The charges are contained in a new book, "The Loyolas and The Cabots," written by Catherine Goddard Clarke, Center president, and published today by the Ravengate Press.
The book chronicles the ten year history of the Center and concentrates on the Center's doctrinal fight with the Boston Archdiocese. The controversy came to a head in August, 1948, when Jesuit authorities ordered Father Feeney to leave the Center for Holy Cross College, an order which the Father refused to obey.
Explaining the removal action, Mrs. Clarke now states:
"The feeling of College officials about the resignations of students from Harvard, the discomfiture of priests studying at Harvard...on the one hand, and, on the other, the hierarchical policy of expediency, had conspired to bring about Father's removal from St. Benedict Center."

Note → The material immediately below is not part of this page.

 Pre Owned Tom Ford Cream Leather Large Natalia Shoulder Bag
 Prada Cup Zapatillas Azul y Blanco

Mrs. Clarke indicates that University personnel allied with high Catholic officials at two High Tables at Lowell House. She quotes Fakhri Maluf, an instructor at the Center, as stating:
"But the ultimate origin of this order (the removal order) did not proceed from the Bishop or the Archbishop...It is fairly common knowledge at Harvard that certain people connected with Harvard were dissatisfied with the Center...Archbishop Cushing had dinner at Lowell House in the spring (of 1948), and Bishop Wright had dinner there just two or three nights ago."

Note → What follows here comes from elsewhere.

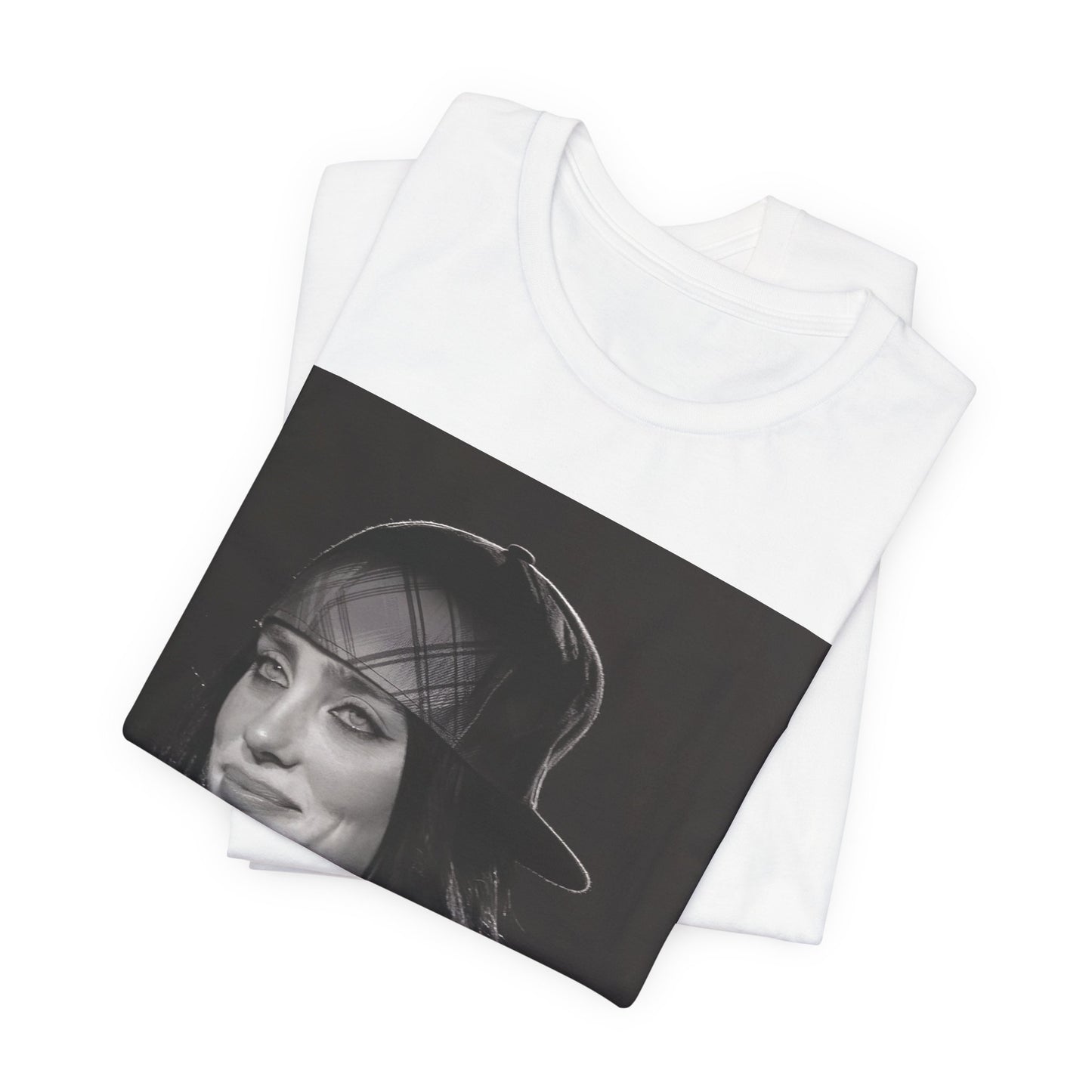 An artistic graphic t-shirt inspired by the dark, horror themes of the Billie Eilish song 'Bury a Friend.'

Elliott Perkins '23, master of Lowell House, denied yesterday that he had ever attempted to influence the Archbishop or the Bishop.
"To the best of my knowledge," Perkins stated, "Archbishop Cushing brought up the subject of St. Benedict Center by himself, and Bishop Wright never once mentioned it."
Perkins added that he would never "extend a dinner invitation with other than social intent, nor broach to a guest a subject which we knew to be controversial. Business should not be introduced under the guise of social intercourse."
Mrs. Clarke asserts that Jesuit priests studying at Harvard were on the side of the University during the conflict. She says that these priests sat, "apparently unmoved, in the classes of atheists and Marxist sympathizers," and that after Father Feeney had censured them, they started "a crusade of persecution" against Father Feeney.
Other University students have been "taught to base their thinking on Nazi ideology...the psychology of Freud, the sociology of Karl Marx," Mrs. Clarke states. She names many students, who, "disappointed and dissatisfied" by such instruction, have resigned from the University to join the Center.
These resignations, she states, have turned Harvard officials against the Center. Dean Bender has refused to comment on Mrs. Clarke's statements.